Wednesday, 16 July 2014

BIG SKY, LITTLE TENT

The sky was enormous this morning. It was like a huge cavern, its bright blue roof decorated with puffy clouds, twenty thousand feet in the air.

I like a big sky. I like the way it reminds me how tiny I am compared to the Earth. I walked along the high street, gazing up at the trails of altocumulus, which looked for all the world as though each cloud had been painstakingly painted onto a blue-washed canvas. It was a wonder I didn't walk into a lamp post.

Big Sky Country. I bet there are fewer lamp posts in Montana. I'd love to go one day, just to taste the air. Actually, I've been thinking about the great outdoors recently. In a kind of attempt to get closer to it, last night I decided to put my tent up in the garden.

Having scrabbled it out of the loft and having hunted madly around for a peg mallet, broken a windbreak and been unceremoniously pummelled by a falling suitcase, I pulled the bag out through the conservatory and dumped it on the grass. I unzipped it and pulled out the instructions.

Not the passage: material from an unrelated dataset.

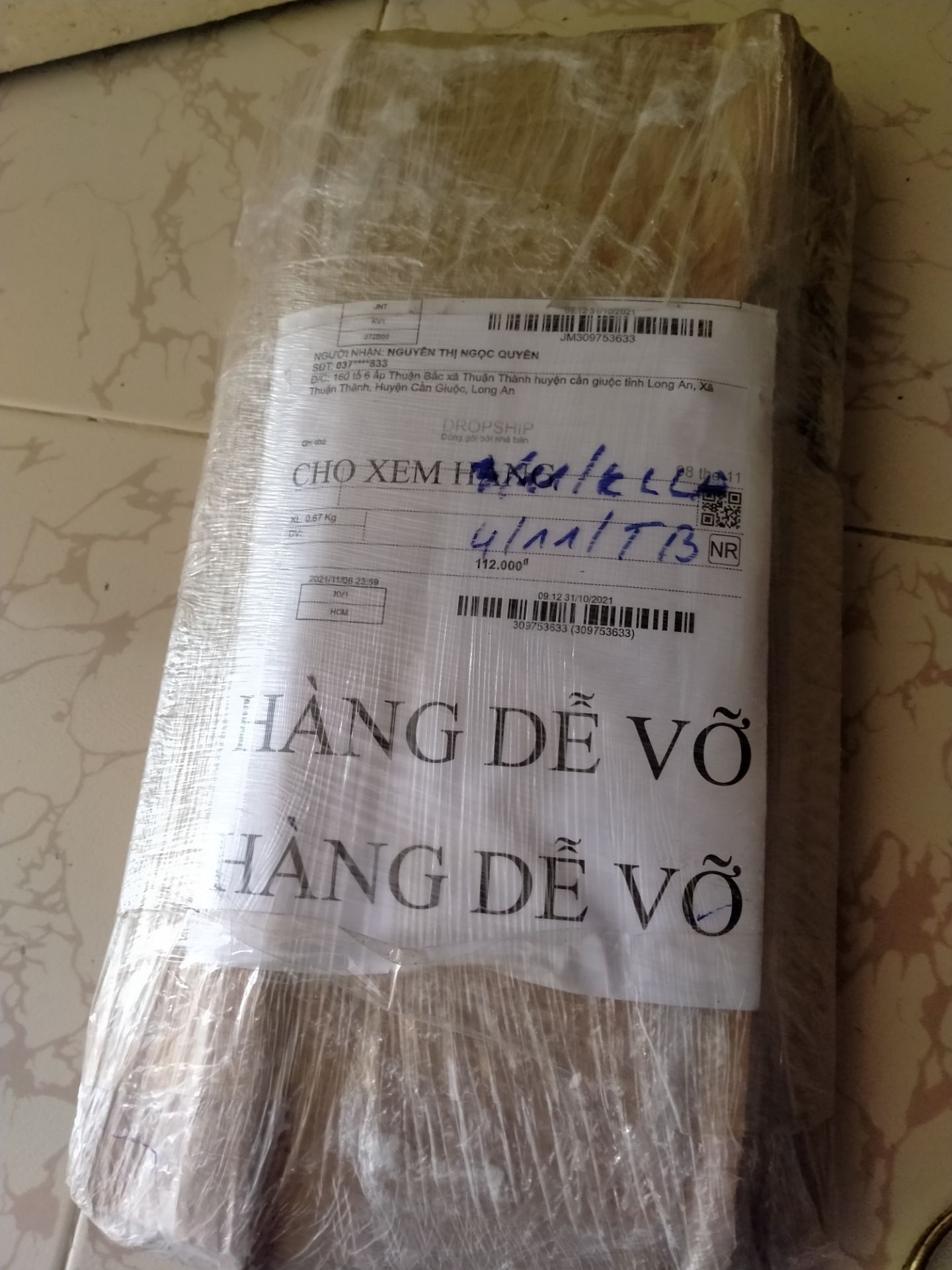 trời ơi tưởng chảo nhỏ vừa phải, ai dè nhỏ hơn vòng tròn cái tô nữa, mua  để ngắm, chứ chiên xào gì hu hu, hết 112000₫. lại tiền ship mắc hơn *** quá chừng luôn á, mấy chảo này cần ra chợ mua lựa chọn mới được....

The instruction booklet was yellow at the edges. I think it might have been written in Latin - its diagrams certainly resembled the work of Leonardo DaVinci. It would have been no surprise to see Vitruvian Man, sprawled out on the back page, demonstrating that a fully grown man can lie perfectly sqaurely in the confines of the canvas walls, fingers to toes. It's been a while since I used it.

I opened out the inner tent to find a small square of paper. "Dinner at 6" it said with a smiley face. That made me feel rather sad, somehow. I had a little moment remembering and then I pressed on and threaded the poles through the sleeves.

"Push the end of the pole into pin A" said the decipherable part of the instructions. Done. "Next push the other end into the corresponding pin (C) in the opposite corner." I ran round to the other side, grabbed the other end of the flexible pole and tried to bend it into place: pole in one hand, pin in the other. The tent arched up behind me and started flapping in the breeze. I felt like Hercules bending a tree trunk in an epic show of supernatural strength... without the strength. When I finally connected the two things together, I noticed with some degree of deflation, that the other end of the pole had sprung out of its pin and was waving around in mid air at the opposite side of the tent.

"This is easier with two people," said the instructions, unhelpfully. I looked at the sky.

Finally (when I'd rotated the outer tent through 180 degrees, so that the door was conveniently at the front) I pegged down the corners and stood back to have a look.

It's not too bad, I suppose. It's a mark of something unspoken though, that I still slept in the house last night.